Le Garde des Sceaux, ministre de la Justice et des Droits de l’Homme, Yaya Kairaba Kaba, a présidé ce jeudi 13 aout 2025 sous l’initiative de la Direction Nationale des Droits de l’Homme à l’ouverture d’un atelier de deux jours consacré à la validation des recommandations issues du quatrième cycle de l’Examen Périodique Universel (EPU) auquel la République de Guinée a pris part en avril dernier à Genève.Aux côtés de son cabinet, de représentants du Haut-Commissariat des Nations Unies aux Droits de l’Homme (HCDH), d’acteurs de la société civile et de représentants de tous les départements ministériels concernés, le ministre a souligné l’importance de cette étape dans le renforcement de l’engagement de la Guinée en matière de droits humains.

Face aux 257 recommandations formulées par les États membres du Conseil des droits de l’homme, le ministre Kaba a indiqué que « les services techniques ont procédé à un classement par thématique et par ministère concerné » en vue de permettre une concertation approfondie. L’objectif de l’atelier, selon lui, est de permettre à la Guinée de se positionner « en toute connaissance de cause » sur les recommandations à accepter ou à rejeter.

Soucieux de la rigueur du processus, il a également annoncé la volonté du gouvernement d’élaborer, pour la première fois, un rapport à mi-parcours sur la mise en œuvre des recommandations acceptées. Pour ce faire, la Direction nationale des droits de l’homme a été instruite d’initier une stratégie nationale de suivi, destinée à devenir une véritable « boussole » pour l’ensemble des acteurs impliqués.

La représentante adjointe du HCDH, Madame Kossiwa Didi Davi, a salué de son côté « l’esprit de coopération » de la Guinée, soulignant que ces recommandations sont bien plus que des engagements internationaux : elles sont des outils concrets pour améliorer la vie des citoyens guinéens. Elle a également insisté sur la nécessité d’une collaboration renforcée entre les institutions, les partenaires techniques et la société civile.

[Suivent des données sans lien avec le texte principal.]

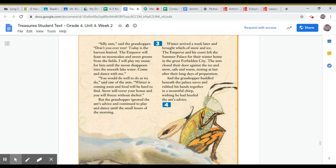And the grasshopper huddled beneath the palace eaves and rubbed his hands together in a mournful chirp, wishing he had heeded the ants' advice.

Robert Kamano, Directeur National Adjoint des Droits de l’Homme, a apporté des précisions sur le déroulement technique de l’atelier : 15 thématiques sont en discussion, autour desquelles les parties prenantes travailleront pour établir un document final à soumettre avant la date butoir du 25 août 2025.

Ce rendez-vous marque une étape clé dans la consolidation de la culture des droits de l’homme en Guinée. En mettant l’accent sur la transparence, la concertation et le suivi, le ministre Yaya Kairaba Kaba engage résolument son département – et plus largement l’État guinéen – sur la voie d’un respect effectif des engagements internationaux. Reste à voir si les paroles fortes et les promesses d’engagement se traduiront, dans les mois à venir, en actions concrètes et durables pour les citoyens guinéens.